É um erro, ou no mínimo reducionismo, dizer que o peronismo é de esquerda. Não o é, necessariamente. O que conhecemos como peronismo na Argentina abarca um arco ideológico que vai de movimentos de extrema-direita dos anos 1940, passando pela direita liberal de Carlos Menem (década de 1990), e chegando à esquerda mais radical, representada hoje pelo movimento dos jovens do La Cámpora. No meio, estão diferentes tonalidades políticas e um sincretismo ideológico característico da América Latina se fazem presentes.
O movimento justicialista, nome oficial do peronismo, foi criado pelo então tenente-coronel Juan Domingo Perón, a partir de sua chegada ao poder, em 1946, e guarda semelhanças com o trabalhismo de Getúlio Vargas no Brasil: apoio do movimento sindical, política ativa de proteção aos trabalhadores e forte intervenção estatal na economia. Perón é uma espécie de pai dos pobres na Argentina: criou a base da legislação trabalhista, com férias remuneradas e 13º salário, medidas parecidas com a CLT brasileira.

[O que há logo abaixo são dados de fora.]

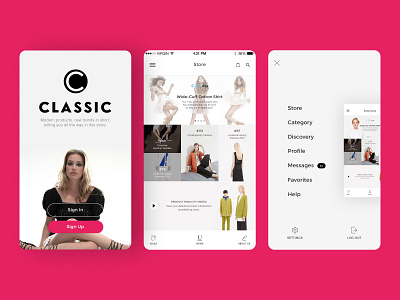 Classic - Ecommerce Mobile App ecommerce app mobile app shoping app uiux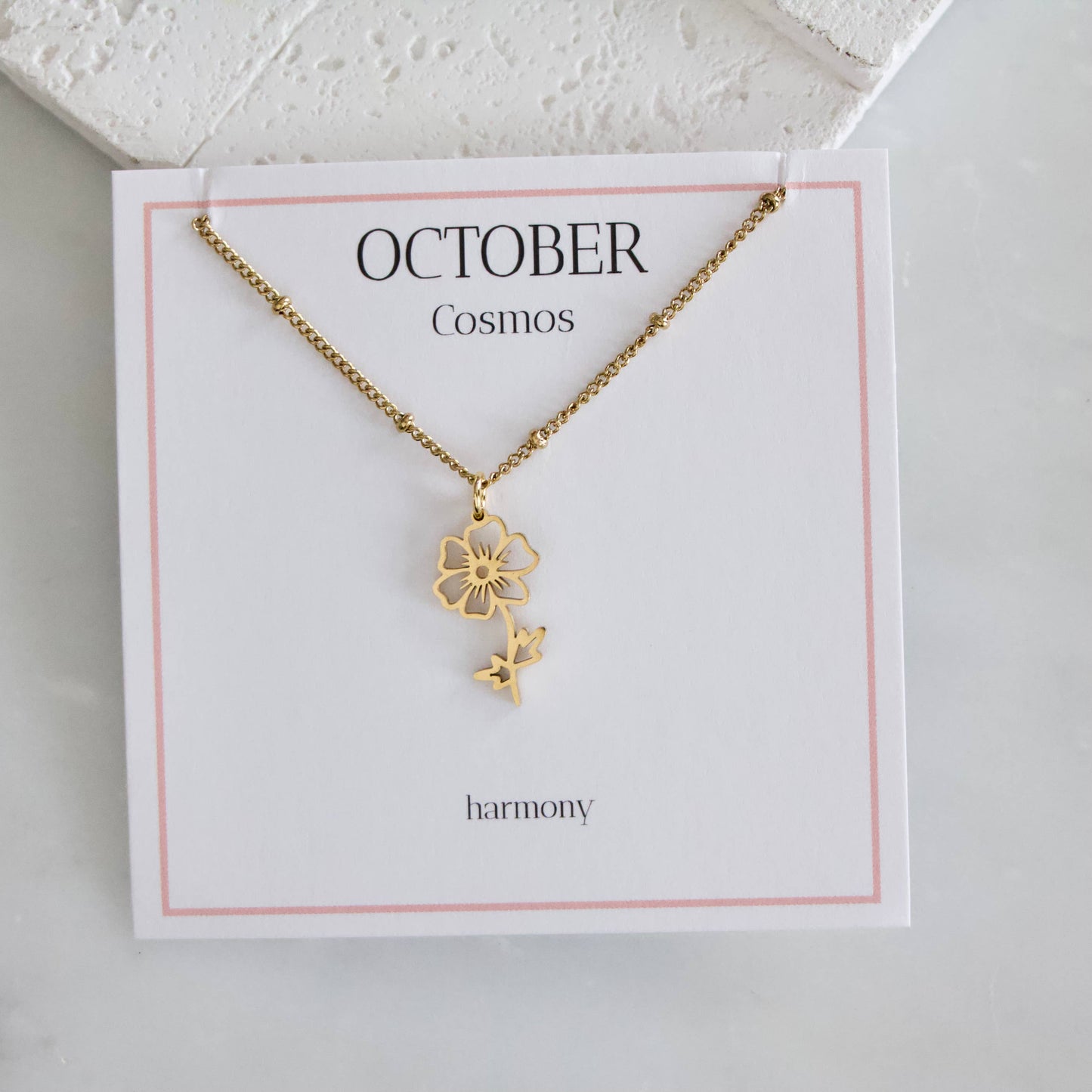 12 Birth Moth Flower Necklaces With Display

É simplista, no entanto, afirmar que seria um movimento de esquerda dado o caráter camaleônico, que, desde sua fundação, é congrega sob seu guarda-chuva integrantes da elite econômica, sindicalistas, intelectuais e líderes oligarcas locais, uma espécie de coronelismo à argentina. A coalizão que levou Perón ao poder em 1946, por exemplo, reunia ainda uma parcela dos militares e da Igreja Católica.
Desde a morte de Perón, em 1974, quase todos os políticos bebem de seu espectro e tentam tirar uma casquinha de sua popularidade (e populismo): de Menem, que ficou 10 anos na Casa Rosada, abriu a Argentina ao capital estrangeiro e privatizou empresas, seguindo a receita do Consenso de Washington, a Néstor Kirchner e Cristina Kirchner, que formaram seu próprio movimento dentro do peronismo, o chamado kirchnerismo. O casal K adotou uma agenda de esquerda, com nacionalização de empresas e protecionismo.
O próprio presidente Mauricio Macri, que se propõe a ser um governo de centro-direita, conta com ex-peronistas em sua equipe de governo e de campanha — a começar por seu candidato à vice-presidência na eleição de domingo, o senador Miguel Pichetto, presidente do Partido Justicialista no Senado. Aliás, o próprio Macri tentou surfar na simbologia de Perón ao inaugurar, enquanto era prefeito de Buenos Aires, uma estátua ao general perto da Casa Rosada.
O peronismo vai além da política: é partido, movimento, cultura e quase uma religião — Evita, ou Maria Eva Duarte, sua mulher, é considerada santa por muitos fiéis. Foi da primeira-dama o esforço por uma lei do sufrágio feminino. Até então, mulheres não podiam votar. Os movimentos de Cristina, que incendiava multidões em estádios — embora na campanha tenha adotado uma postura mais discreta —, lembram, de propósito os discursos de Evita.
— Perón! Perón! — gritavam os militantes na festa da vitória de Alberto Fernández e Cristina, no domingo.
Ouvir esse grito em pleno século 21 é como, se no Brasil, alguém estivesse gritando "Vargas! Vargas!", mesmo que hoje, à luz da história, saibamos que ambos tiveram seus períodos ditatoriais.
O próprio Fernández é uma figura que não se pode classificar, necessariamente, como sendo de esquerda e muito menos um peronista de raiz. Ele está na política há décadas, atuando sempre nos bastidores: participou do primeiro governo pós-ditadura, de Raúl Alfonsín (da União Cívica Radical, centro-direita), de Menem (peronista), de todo o mandato de Néstor Kirchner, como chefe de Gabinete, e no primeiro ano de Cristina (kirchneristas).
As diferentes vertentes do peronismo já brigaram entre si em várias ocasiões. Na eleição de 2003, Menem enfrentou Néstor em uma disputa fratricida. Perdeu, mas o chamado menemismo ainda é forte em algumas regiões da Argentina. Antes, em 1973, o episódio conhecido como Massacre de Ezeiza opôs, nos arredores do aeroporto internacional, organizações armadas peronistas, no dia do retorno de Perón ao país, após 18 anos de exílio.
O próprio general, enquanto estava na Espanha, brincou com essa miscelânea ideológica que ele próprio criou, dizendo que, na Argentina, uns 30% da população era composta por radicais, outros 30% por conservadores e ainda muitos socialistas. E os peronistas?, alguém questionou. "Bem, peronistas somos todos", respondeu Perón, antevendo o poder simbólico que seu nome ainda teria décadas depois de sua morte.